Observed trend in the star formation history and the dark matter fraction of galaxies at redshift $z\approx0.8$

TL;DR

This study analyzes the star formation history and dark matter content of galaxies at redshift ~0.8, revealing early establishment of local universe trends, limited size growth, low dark matter fractions, and a Salpeter IMF normalization.

Contribution

It provides new insights into the star formation and dark matter properties of galaxies at z~0.8 using combined spectral, photometric, and dynamical modeling techniques.

Findings

Massive galaxies are already passive at z~0.8.

Dark matter fractions within 1 effective radius are low (~9%).
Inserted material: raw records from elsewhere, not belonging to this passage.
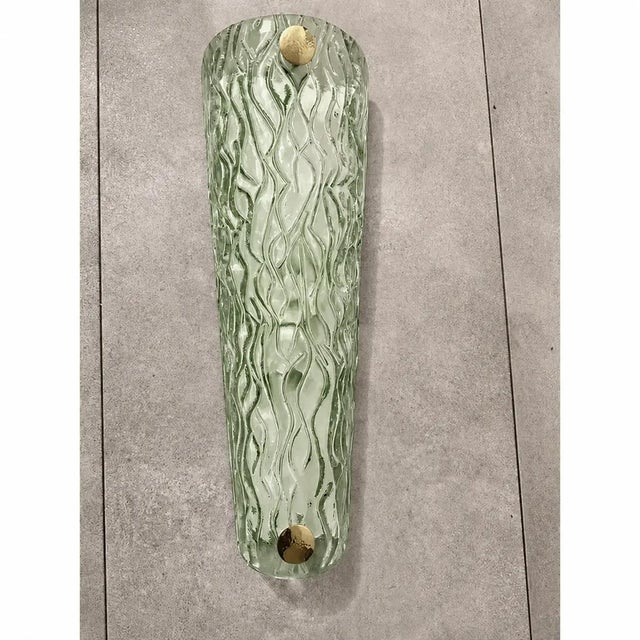 Contemporary Monumental Green Murano Glass Wall Sconces by Simoeng, Set of 4 For Sale - Image 3 of 8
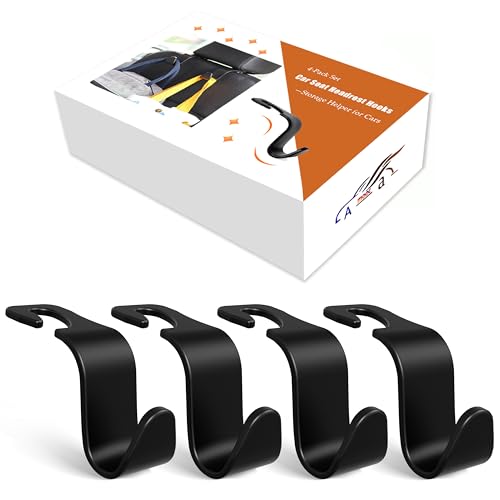 4-Pack Car Headrest Hooks Holds 55lbs Seat Storage Organizer for - Product Imagery
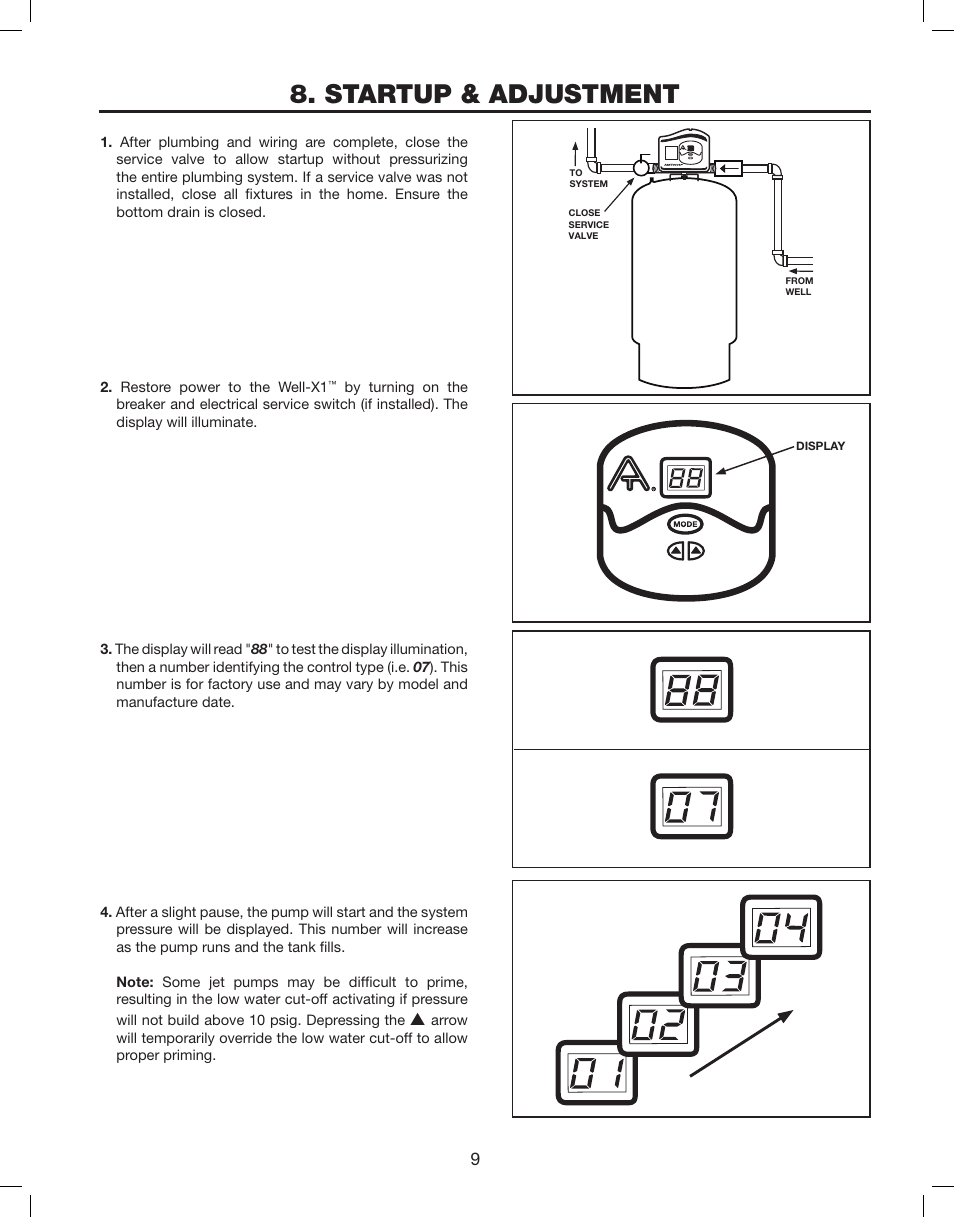 Startup & adjustment | Amtrol WELL-X1 User Manual | Page 9 / 16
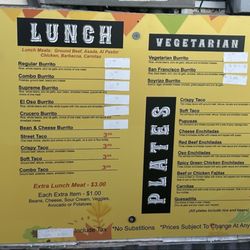 Taqueria El Crucero - Menu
Size growth of massive galaxies is limited to a factor of 1.5.

Abstract

We study the star formation history for a sample of 154 galaxies with stellar mass $10^{10}\lesssim M_{\ast}\lesssim 10^{12} M_{\odot}$ in the redshift range $0.7 < z < 0.9$. We do this using stellar population models combined with full-spectrum fitting of good quality spectra and high resolution photometry. For a subset of 68 galaxies ($M_{\ast}\gtrsim 10^{11} M_{\odot}$) we additionally construct dynamical models. These use an axisymmetric solution to the Jeans equations, which allows for velocity anisotropy, and adopts results from abundance matching techniques to account for the dark matter content. We find that: (i) The trends in star formation history observed in the local universe are already in place by $z\sim1$: the most massive galaxies are already passive, while lower mass ones have a more extended star formation histories, and the lowest mass galaxies are actively forming stars; (ii) we place an upper limit of a factor 1.5 to the size growth of the massive galaxy population; (iii) we present strong evidence for low dark matter fractions within $1R_{\rm e}$ (median of 9 per cent and 90th percentile of 21 per cent) for galaxies with $M_{\ast} \gtrsim 10^{11} M_{\odot}$ at these redshifts; and (iv) we confirm that these galaxies have, on average, a Salpeter normalisation of the stellar initial mass function.